For more information on my personal reasons for putting this information together, see Part 1 of the series.
In this article, Part 8 of the series, I will share the nutrients that have the ability to naturally trigger apoptosis in breast cancer cells. Apoptosis is programmed cell death, which normal cells exhibit. It’s the ability to self-destruct if they receive signals that the replication process is occurring too rapidly. Tumor cells lose this ability, and this contributes to their rapid growth rate. Due to so many researchers across the world spending time investigating natural substances, we know which ones have the ability to trigger apoptosis in breast cancer cells.

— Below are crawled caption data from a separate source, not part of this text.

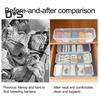 Transparent Data Cable Storage Box with Lid 5 Compartments Large Capacity Multi-purpose Charging Cord Jewelry Trinkets Organizer Case Container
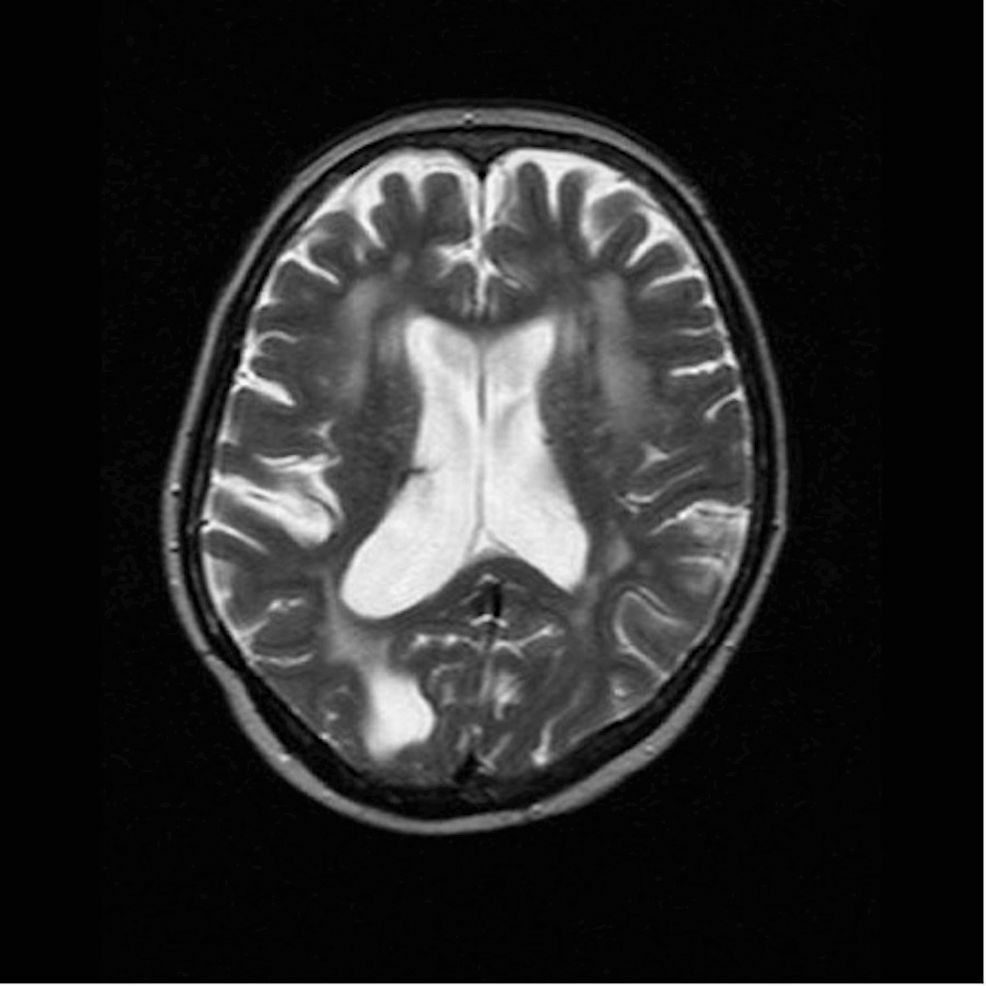 T2-weighted-MRI-showing-ventriculomegaly-and-prominent-sulci-present-in-an-ex-vacuo-fashion,-with-extensive-white-matter-disease-throughout-the-supratentorial-white-matter-related-to-previous-glioblastoma-treatment.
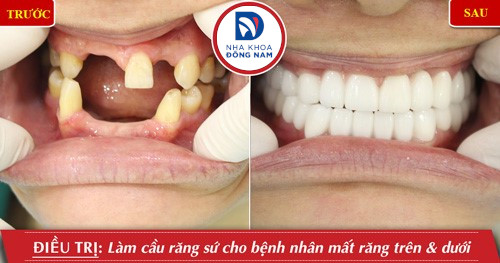 làm cầu răng sứ cho răng hàm trên và dưới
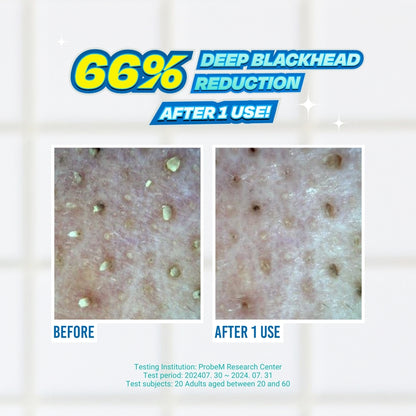 [NEW] Blackhead Melting Softner 150ml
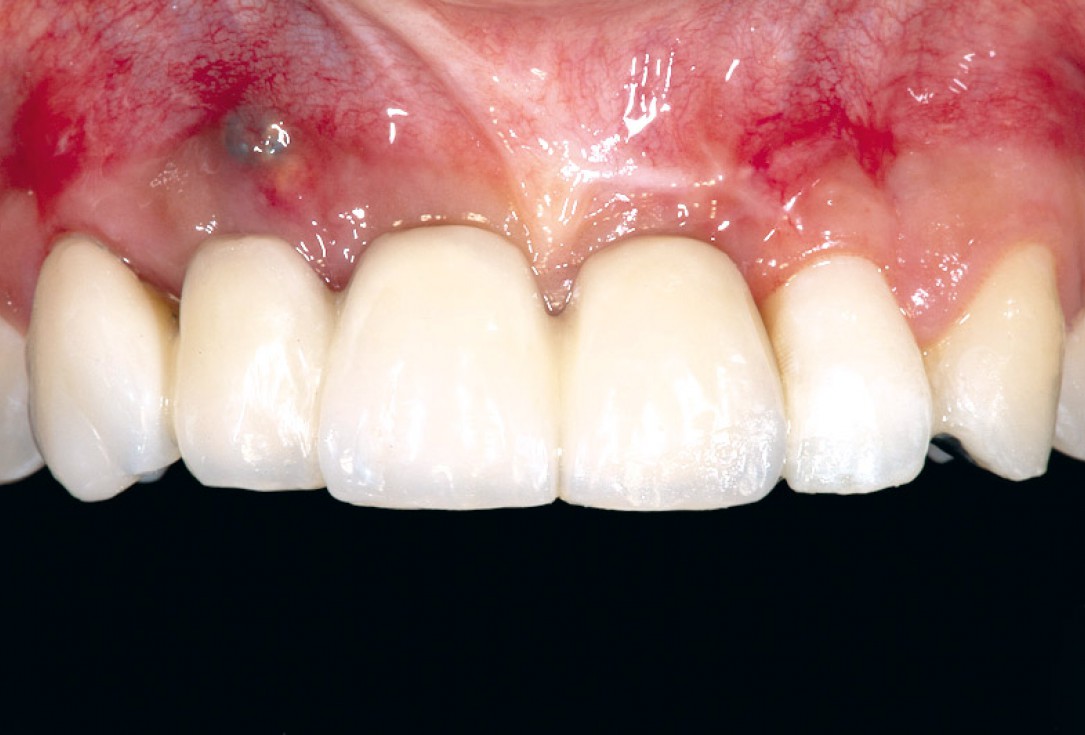 Block augmentation with maxgraft® block and mucoderm® - Dr. K. Chmielewski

PART 8 – NUTRIENTS THAT TRIGGER APOPTOSIS IN BREAST CANCER CELLS
Alpha linolenic acid – from buckwheat bran, chia, chickpeas, flaxseed, green beans, hemp seeds, macadamia nuts, peas, pecans, pistachio nuts, pumpkin seeds, quinoa, red beans, soybeans, walnuts [1], [2]
Amygdalin – from apricot kernels (inside the seed), bitter almonds, buckwheat, cashews, chickpeas, flaxseed, lentils, lima beans, macadamia nuts, pecans, walnuts [3]

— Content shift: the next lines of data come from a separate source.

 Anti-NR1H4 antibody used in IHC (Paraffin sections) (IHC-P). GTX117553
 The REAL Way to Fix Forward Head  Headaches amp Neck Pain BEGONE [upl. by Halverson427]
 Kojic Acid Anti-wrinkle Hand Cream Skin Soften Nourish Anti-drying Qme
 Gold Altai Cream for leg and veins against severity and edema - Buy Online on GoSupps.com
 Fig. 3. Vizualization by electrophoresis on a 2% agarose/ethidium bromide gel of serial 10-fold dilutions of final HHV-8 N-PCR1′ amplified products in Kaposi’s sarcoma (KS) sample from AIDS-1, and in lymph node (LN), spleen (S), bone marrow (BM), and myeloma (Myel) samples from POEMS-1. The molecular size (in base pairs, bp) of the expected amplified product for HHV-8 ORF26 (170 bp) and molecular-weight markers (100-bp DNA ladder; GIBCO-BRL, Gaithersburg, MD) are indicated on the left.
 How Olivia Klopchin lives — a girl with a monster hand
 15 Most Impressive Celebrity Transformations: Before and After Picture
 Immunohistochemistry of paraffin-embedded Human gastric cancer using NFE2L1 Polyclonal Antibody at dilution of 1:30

Anthocyanins – from acai, Anasazi beans, apples, bananas, black beans, bilberries, black raspberries, black rice, blackcurrants, blueberries, chickpeas, cranberries, elderberries, grapes, kidney beans, pigeon pea leaves & seeds, pomegranates, purple beans, purple carrots, purple sweet potatoes, sorghum bran, strawberries, walnuts [4]

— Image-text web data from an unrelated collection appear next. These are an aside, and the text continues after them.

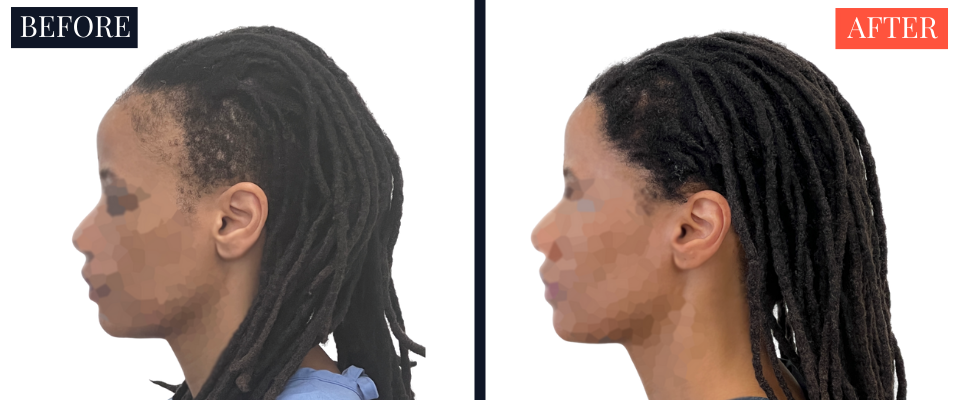 2004 Graft FUT Strip Hair Transplant Before and After - Traction Alopecia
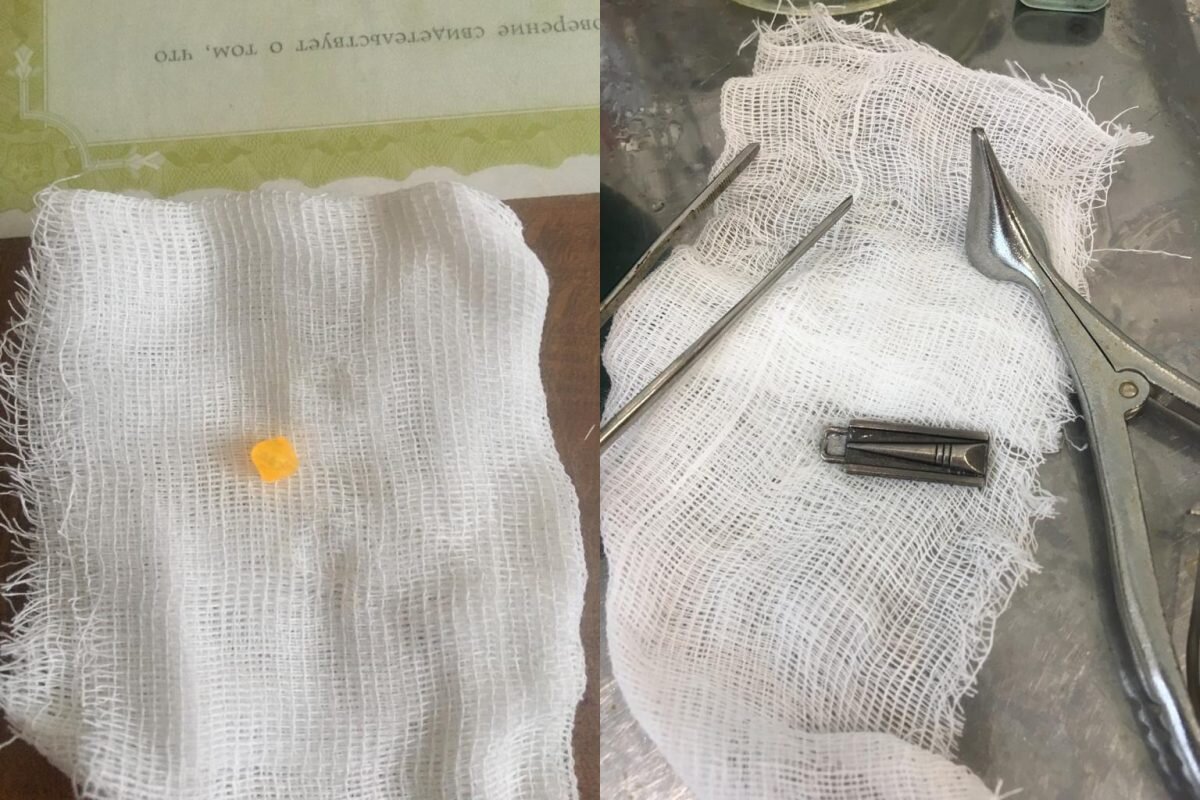    За три дня специалисты достали застежку от молнии и бусинку из носов Арина Полтанова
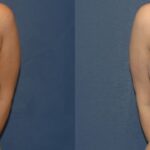 Breast Augmentation & Lift #12 - Before and After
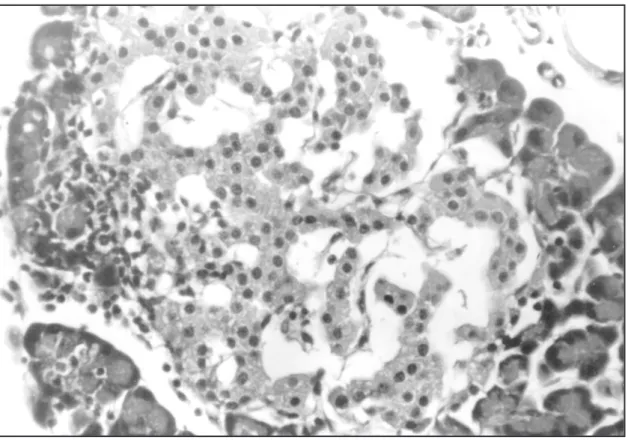 Fig. 7 — Pancreatic islet from an Alx group rat, that exhibits a strong reduction in the number of cells and focal inflam- inflam-matory infiltration (HE, 400x).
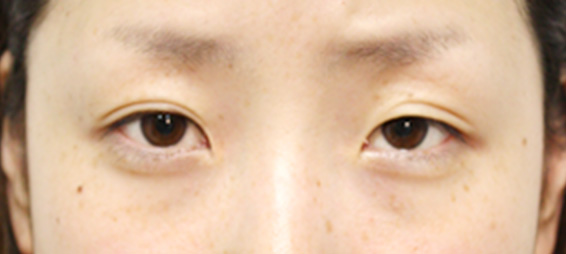 眼瞼下垂（がんけんかすい）,眼瞼下垂（がんけんかすい）の症例写真 目頭切開も施行,Before,ba_ganken29_b.jpg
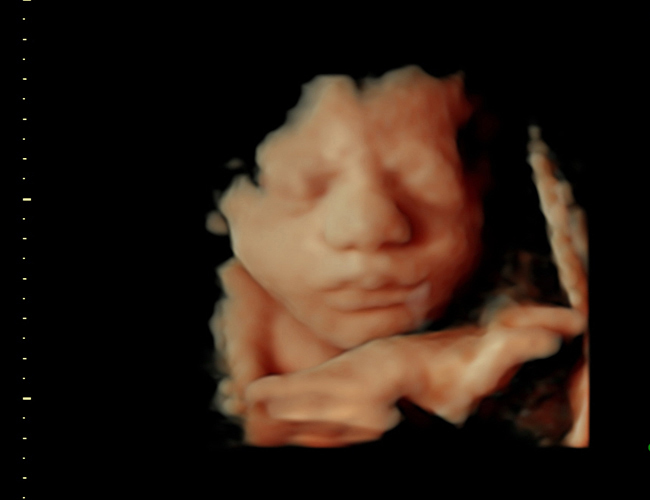 3d sonogram image at HD weeks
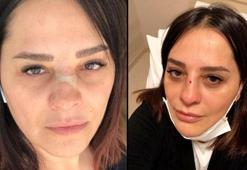 Reyhan Karaca korkuttu! Kanlar içinde kaldı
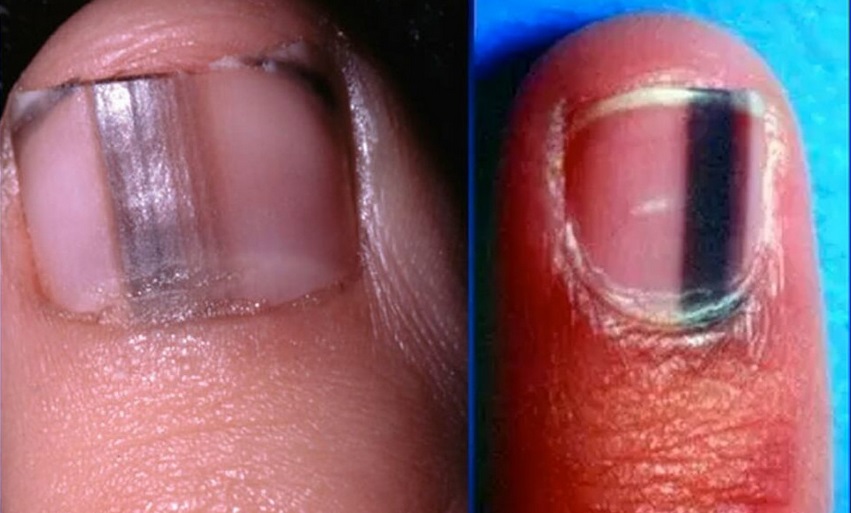 Taches Sur L ongle Lignes De Beau Sur Les Ongles OG Artland Taches Sur L ongle Lignes De Beau Sur Les Ongles OG Artland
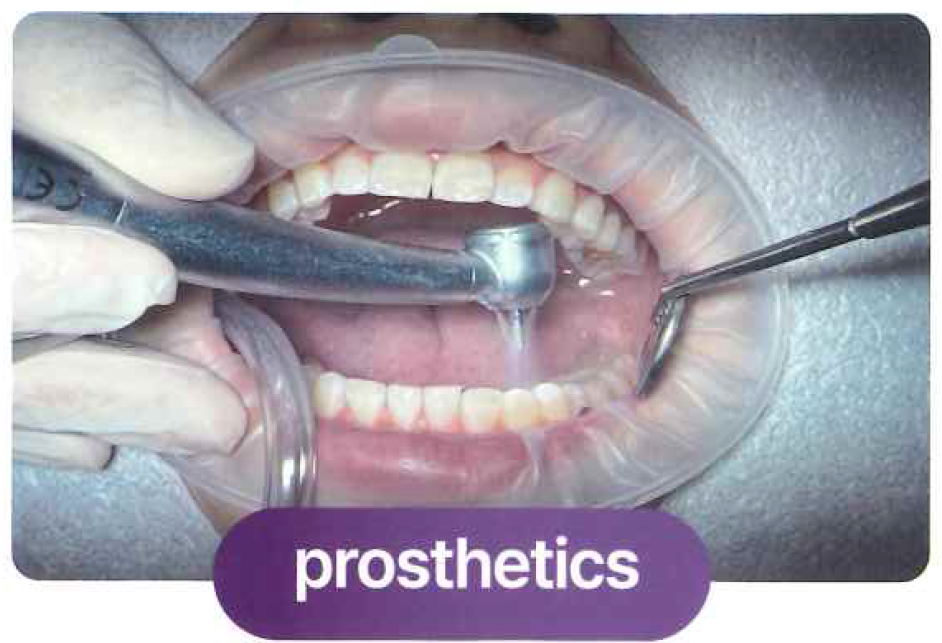 ヒッポ U イメージ画像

Apigenin – from celery, chamomile tea, chickpeas, grapefruit, onions, oranges, parsley, peas, pigeon pea leaves, rice bran, sorghum bran [5]
Berberine – from goldenseal, barberry, Oregon grape, Huang bai, tree turmeric [6], [7]
Beta-carotene & alpha-carotene – found in acai, amla, apricots, bananas, barley, black raspberries, black rice, blackcurrants, blueberries, buckwheat bran, carrots, cashews, cherries, cranberries, grapefruit, green beans, hemp seed, leafy greens, lentils, mulberries, peas, pecans, pistachio nuts, pumpkin seeds, quinoa, raspberries, red beans, sesame seeds, spelt, strawberries, sunflower seeds, sweet potatoes, walnuts, wheat, wheat bran [8]
Beta-sitosterol – from acai, almonds, amaranth, bananas, barley, black rice, blackberries, Brazil nuts, flaxseed, hemp seed, macadamia nuts, oats, peas, pecans, pigeon pea roots, pistachio nuts, pumpkin seeds, quinoa, raspberries, rice bran, sesame seeds, soybeans, sunflower seeds, walnuts, wheat, wheat bran [9]
Caffeic acid – found in adzuki beans, apples, apicots, barley, bee propolis, blackberries, black raspberries, blackcurrants, blueberries, buckwheat bran, brown rice, chia seeds, chickpeas, coffee, cranberries, flaxseed, goji/wolfberry, hazelnuts, lentils, mulberries, oats, peas, quinoa, raspberries, sorghum bran, soybeans, strawberries, sunflower seeds, wheat [10]
Capsaicin – from cayenne, chilies, hot peppers [11]
Chlorophyll – found in all green plants and herbs, blue-green algae, grapes, green beans, matcha tea, pistachio nuts, pumpkin seeds, seaweed, spirulina, sprouts, wheatgrass [12]
Conjugated linoleic acid – from organic grass fed beef, butter from grass-fed cows raised organically, full fat (preferably raw) dairy products like cream, milk, yogurt or cheese [13], [14]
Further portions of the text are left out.